Action item
Within the material below, locate the line with "3D Three-dimensional Paper" and the line with "Ensemble de couteaux à Steak en", then return those two lines and all lines between them, exactly as written.

Source material
◇ ◇ ◇ ◇ ◇ ◇ ◇
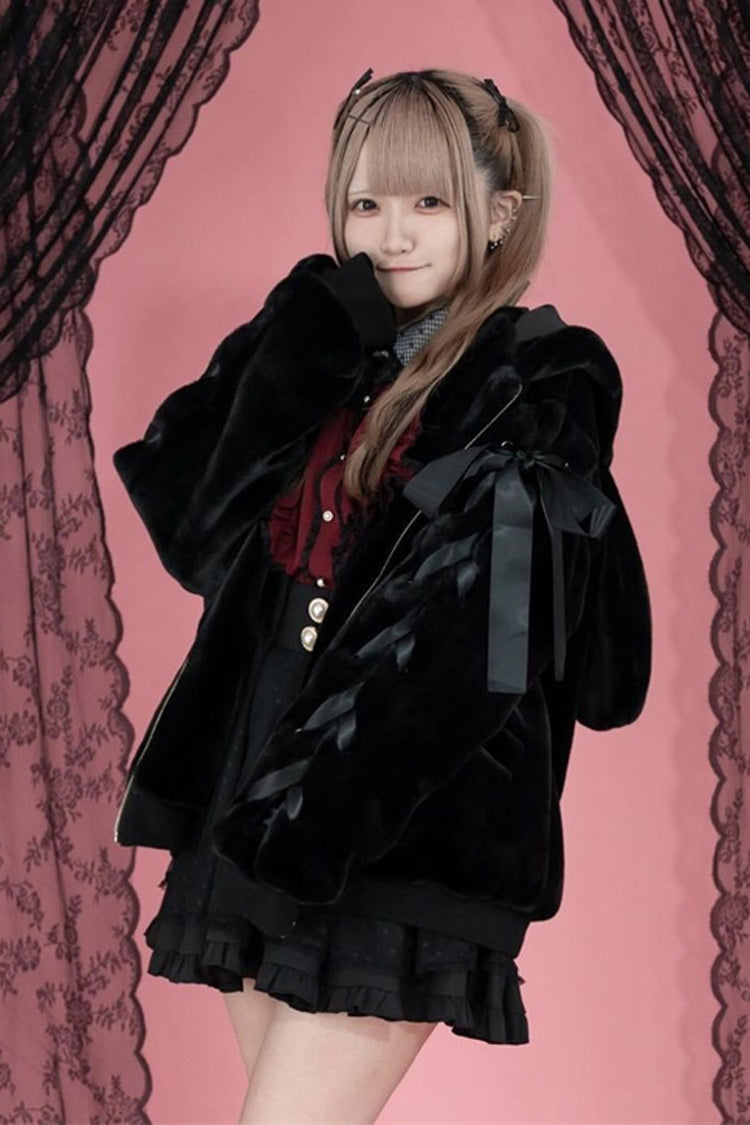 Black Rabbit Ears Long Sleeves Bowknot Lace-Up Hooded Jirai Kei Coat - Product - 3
◇ ◇ ◇ ◇ ◇ ◇ ◇
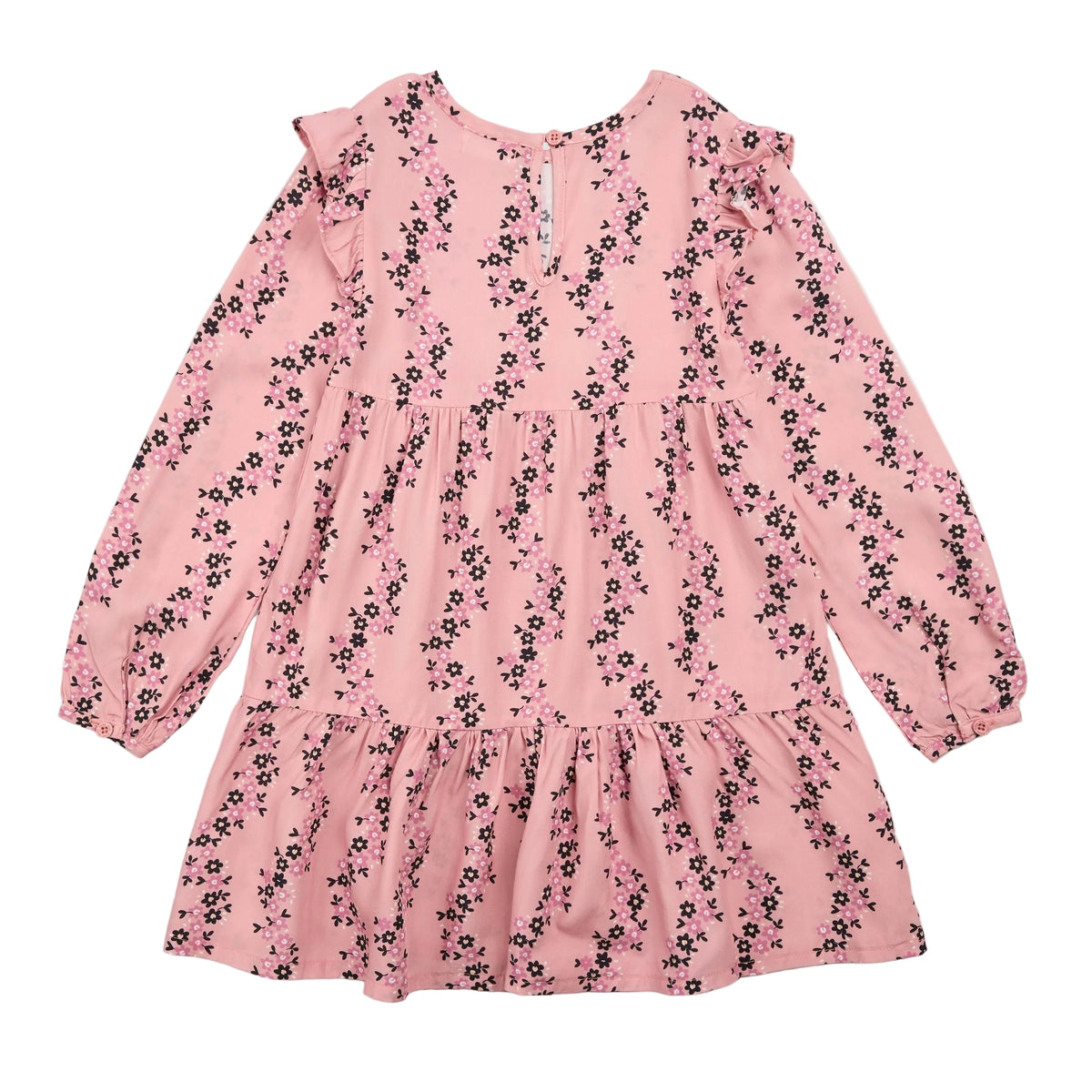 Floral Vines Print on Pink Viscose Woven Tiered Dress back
◇ ◇ ◇ ◇ ◇ ◇ ◇
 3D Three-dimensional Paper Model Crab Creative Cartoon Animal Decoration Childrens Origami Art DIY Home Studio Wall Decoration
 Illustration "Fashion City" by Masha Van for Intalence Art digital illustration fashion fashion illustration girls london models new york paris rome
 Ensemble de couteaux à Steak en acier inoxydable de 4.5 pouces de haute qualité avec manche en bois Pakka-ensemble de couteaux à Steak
◇ ◇ ◇ ◇ ◇ ◇ ◇
Exercise solution
 3D Three-dimensional Paper Model Crab Creative Cartoon Animal Decoration Childrens Origami Art DIY Home Studio Wall Decoration
 Illustration "Fashion City" by Masha Van for Intalence Art digital illustration fashion fashion illustration girls london models new york paris rome
 Ensemble de couteaux à Steak en acier inoxydable de 4.5 pouces de haute qualité avec manche en bois Pakka-ensemble de couteaux à Steak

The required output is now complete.